## [Source material]

_____

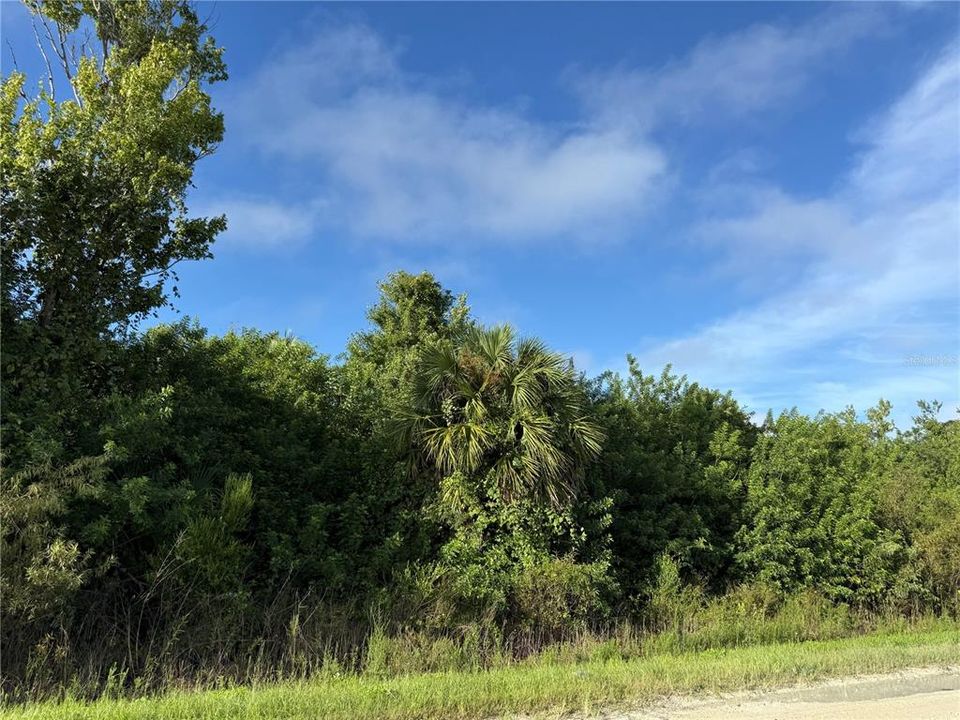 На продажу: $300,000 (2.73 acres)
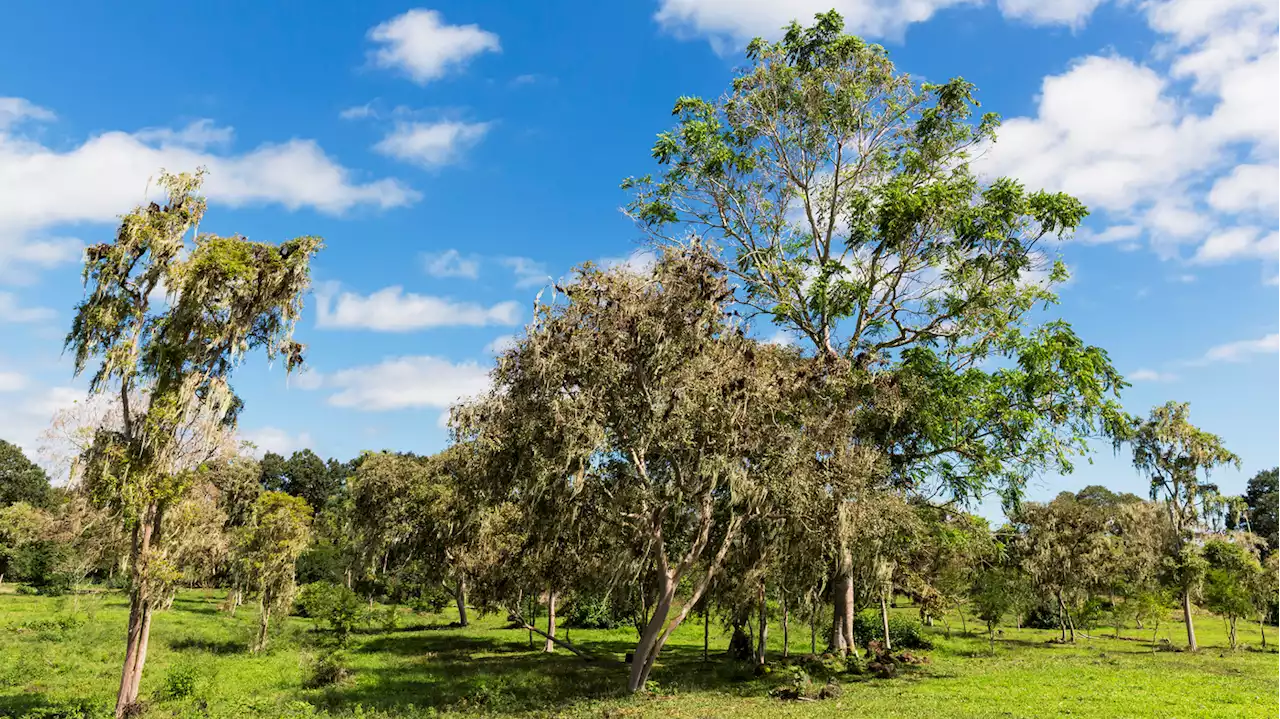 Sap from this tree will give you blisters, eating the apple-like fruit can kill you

_____

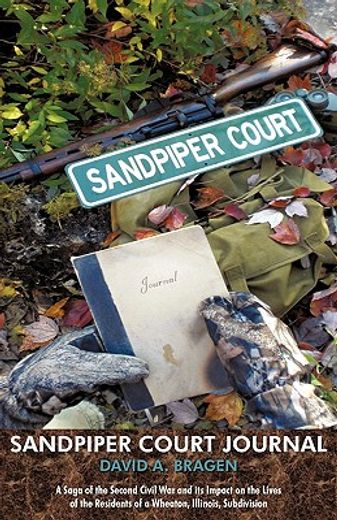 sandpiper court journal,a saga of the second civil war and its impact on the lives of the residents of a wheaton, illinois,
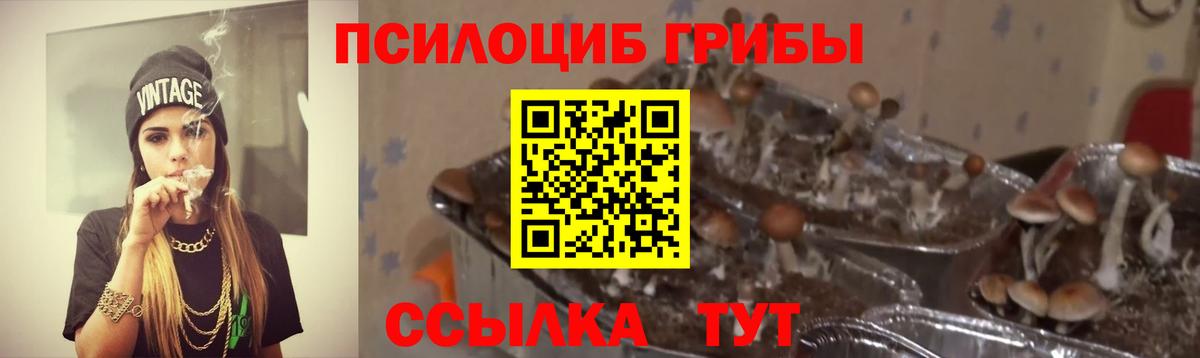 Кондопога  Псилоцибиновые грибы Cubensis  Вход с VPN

_____

## [Work order]
In the listing above, find the line with "На продажу: $300,000 (2.73 acres)" and output it and every line after it up to and including the line with "Sap from this", exactly, minus the pictures.

## [Your response]
 На продажу: $300,000 (2.73 acres)
 Sap from this tree will give you blisters, eating the apple-like fruit can kill you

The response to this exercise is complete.